Na een eenvoudige arthroscopische ingreep kunt u dezelfde dag naar huis. Soms heeft u een pijnstiller nodig. Dan is paracetamol vaak voldoende. Buigen van de knie mag, maar met mate en niet meer dan negentig graden. U moet voorkomen dat de sneetjes openspringen. Ook lopen mag, maar met mate. De eerste twee tot drie dagen kunt u beter geen langere wandelingen maken. Krukken zijn vrijwel nooit nodig, tenzij deze worden voor geschreven. Douchen kan na 24 uur. De huid wordt gesloten met oplosbare hechtingen. 

Als het nodig is, krijgt u fysiotherapie. Vaak is zelf oefenen voldoende. Uw arts zal adviseren de eerste week bijvoorbeeld vijfmaal per dag het bovenbeen in zittende houding (op de tafelrand of in een rechte stoel) tien tot vijftien maal vijf seconden lang stevig aan te spannen.  

Het ondersteunende team belt u enige dagen na de ingreep om te horen hoe het gaat en of speciale maatregelen nodig zijn. Een week na de operatie kunt u de hechtpleisters verwijderen. Na genezing zijn de huidwondjes vaak dik. Dit komt doordat het onderliggende kapsel geopend is en iets langere tijd nodig heeft om te genezen. Dit vraagt drie tot vier weken. 

Het moment waarop u weer kunt werken is afhankelijk van de aard van de ingreep, de snelheid van het herstel en het soort werk wat u doet. In het algemeen kunt u twee weken aanhouden voor zittend werk en drie weken voor zwaarder werk. Het is niet verstandig binnen een maand met contactsporten te beginnen.

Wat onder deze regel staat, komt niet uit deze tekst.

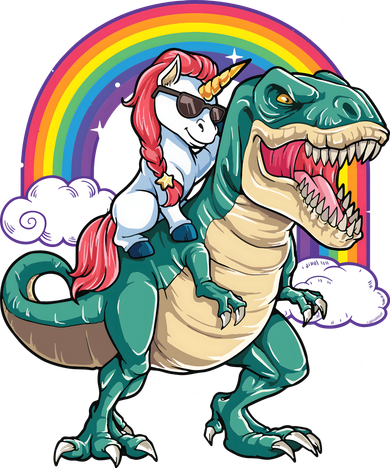 Unicorn Riding T Rex Dinosaur Rainbow Kids Sweatshirt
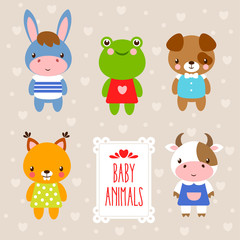 Vector set with cute animals in cartoon style. Illustration in a children's style on a beige background. and place under the text.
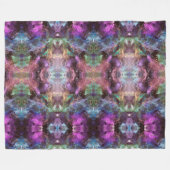 Couverture Polaire Art nébuleuse bleu vert rose noir (Devant (Horizontal))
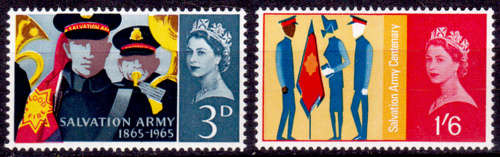 ENGLAND 1965, 9 Aug. 100th Anniv of Salvation Army, set, MNH, CV +/-R 25.00 view scans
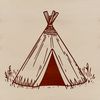 A simple illustration of a single-person tent with a compact design, suitable for outdoor camping trips.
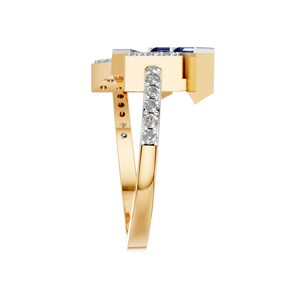 Bague de contournement en diamant saphir naturel Edgy Unique bijoux de cocktail en or 14K 18K pour les femmes certifiées IGI pour les fiançailles de mariage - Product Image 2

Welke complicaties kunnen er optreden? 

Bij een arthroscopie treden maar weinig complicaties op. Soms blijft de knie lang dik en gevoelig. Een heel enkele maal ontstaat een trombosebeen. Dit is echter zo zeldzaam dat de richtlijn van de beroepsvereniging in de richtlijnen van 2017 het gebruik van bloedverdunnende middelen niet noodzakelijk acht bij een ongecompliceerd verlopen arthroscopie was.